Provided data section start

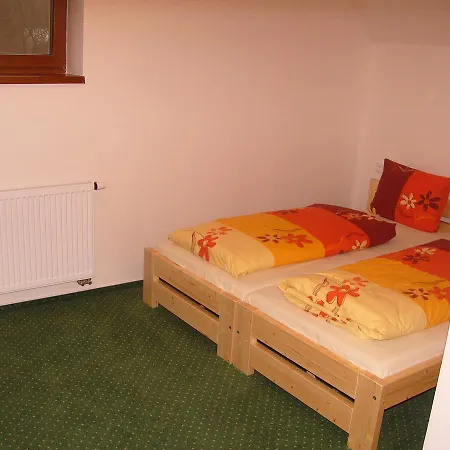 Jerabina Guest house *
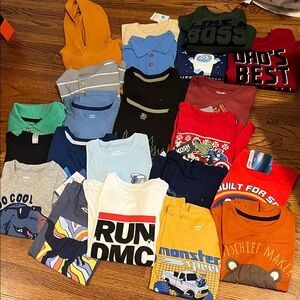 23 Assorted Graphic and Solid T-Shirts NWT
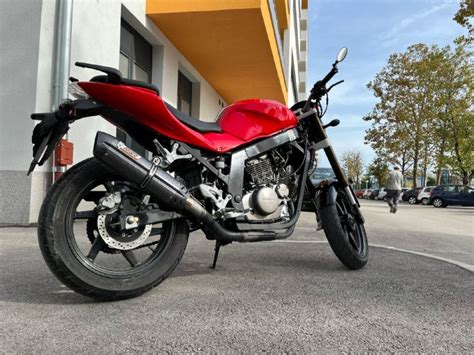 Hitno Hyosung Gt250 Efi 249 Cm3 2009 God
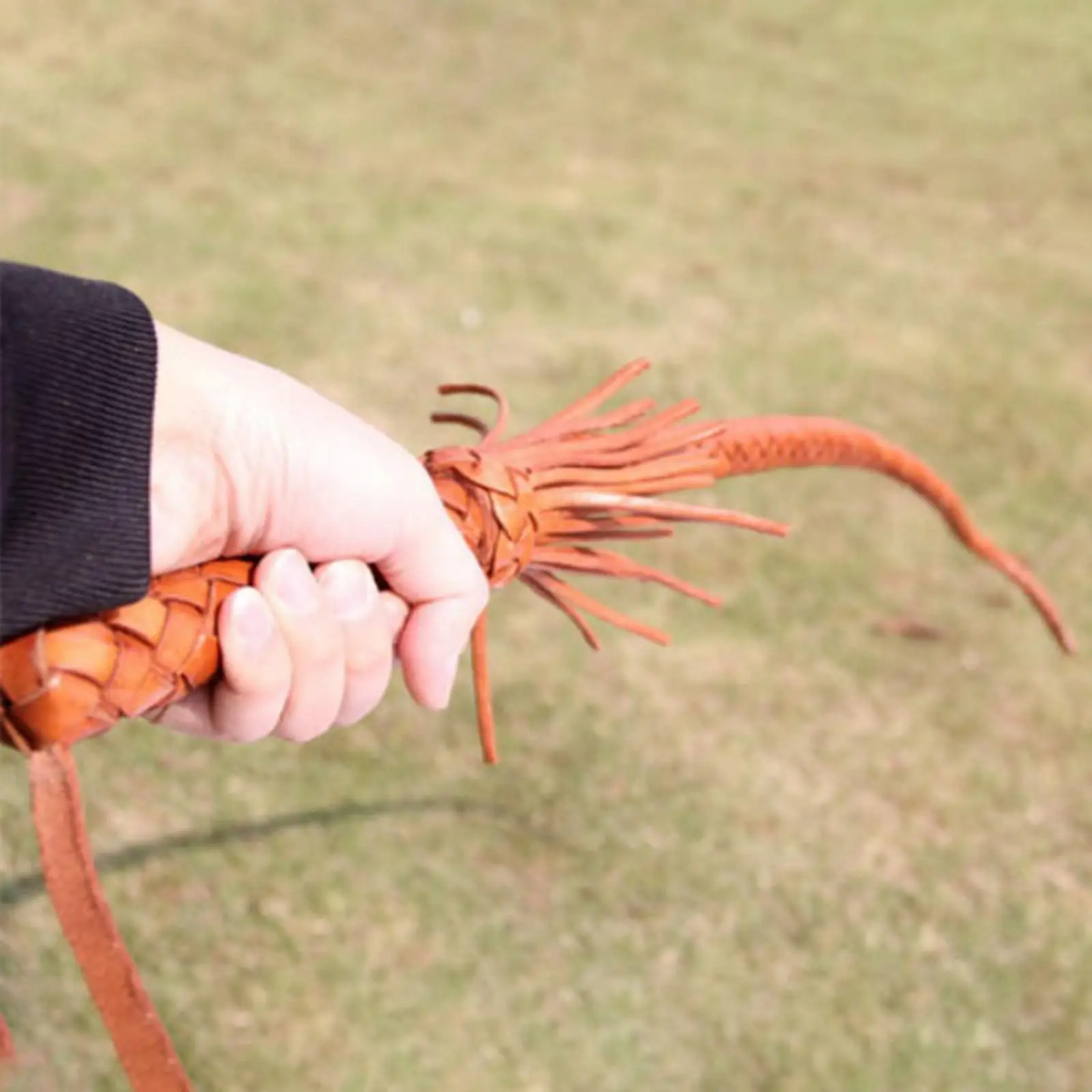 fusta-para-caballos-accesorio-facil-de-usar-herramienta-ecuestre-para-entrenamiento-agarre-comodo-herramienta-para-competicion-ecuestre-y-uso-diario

Provided data section end
Provided data section start

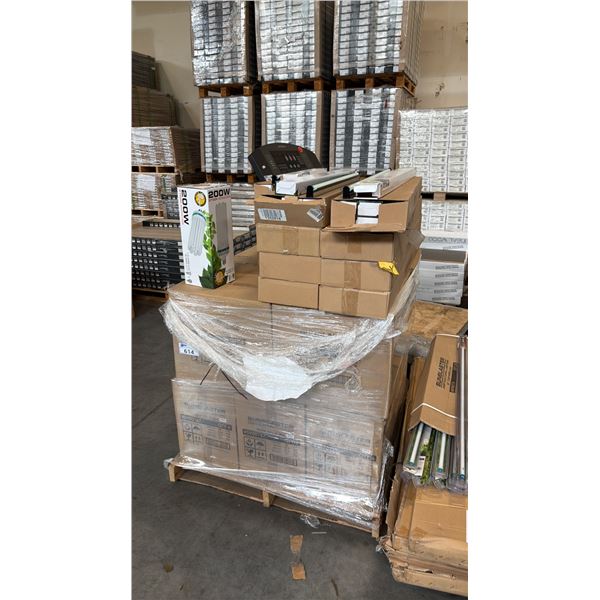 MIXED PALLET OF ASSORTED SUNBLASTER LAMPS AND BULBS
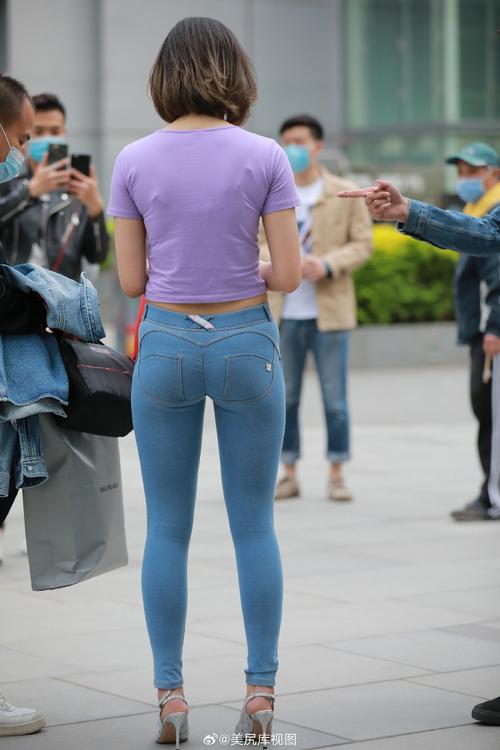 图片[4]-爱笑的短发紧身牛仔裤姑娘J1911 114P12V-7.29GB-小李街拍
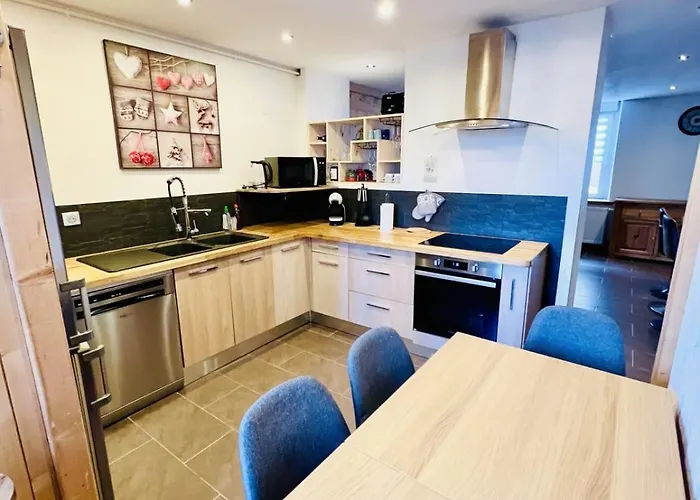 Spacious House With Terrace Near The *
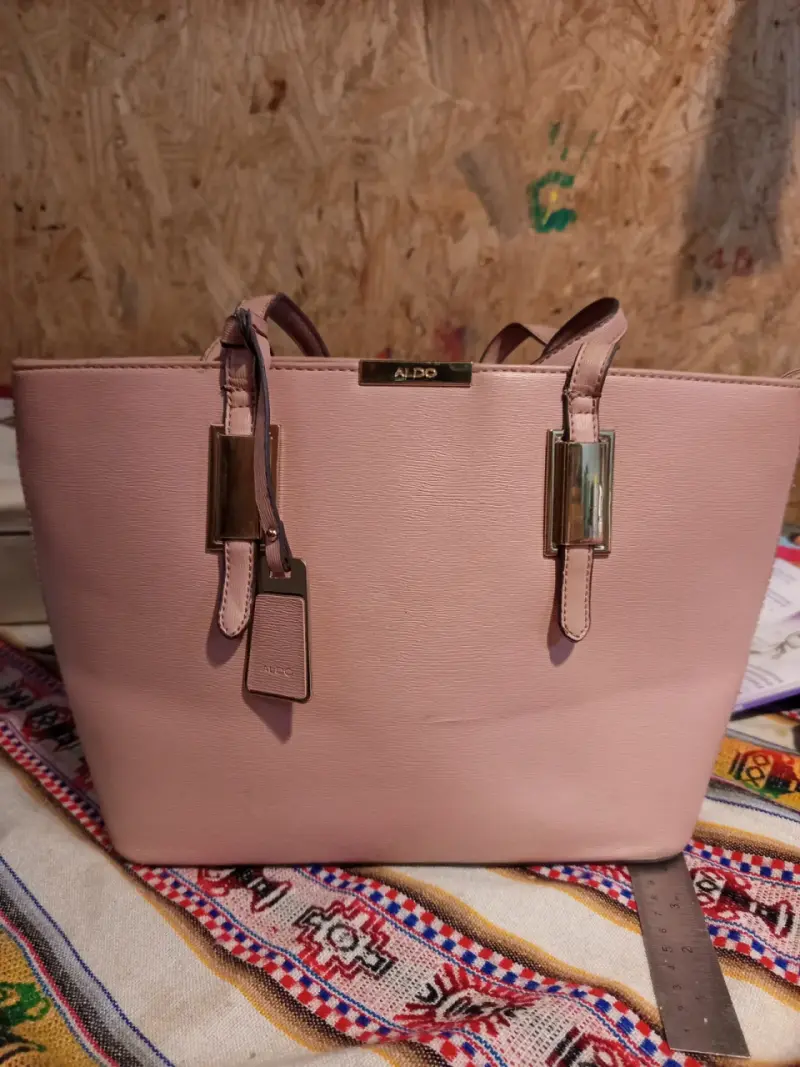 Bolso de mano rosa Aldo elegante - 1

Provided data section end

§ Exercise aim:
In the material above, the stretch from the line with "Spacious House With Terrace Near The *" through the line with "Bolso de mano rosa Aldo elegante - 1" is to be given again exactly, minus the pictures.

§ Answer box:
 Spacious House With Terrace Near The *
 Bolso de mano rosa Aldo elegante - 1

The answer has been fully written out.